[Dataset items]
━━━━━━━━━━━━━━━━━━━━

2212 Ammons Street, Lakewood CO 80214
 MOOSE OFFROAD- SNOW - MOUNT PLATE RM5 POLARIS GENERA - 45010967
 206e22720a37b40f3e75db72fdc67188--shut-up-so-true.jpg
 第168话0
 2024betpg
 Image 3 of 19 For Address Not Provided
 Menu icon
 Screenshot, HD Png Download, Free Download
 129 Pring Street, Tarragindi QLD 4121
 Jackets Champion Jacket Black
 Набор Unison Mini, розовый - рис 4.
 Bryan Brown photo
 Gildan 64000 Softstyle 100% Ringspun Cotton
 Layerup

━━━━━━━━━━━━━━━━━━━━

→ **PROBLEM STATEMENT**
Copy all lines of the records in which the string "Street" can be found.

→ **YOUR SOLUTION**
2212 Ammons Street, Lakewood CO 80214
 129 Pring Street, Tarragindi QLD 4121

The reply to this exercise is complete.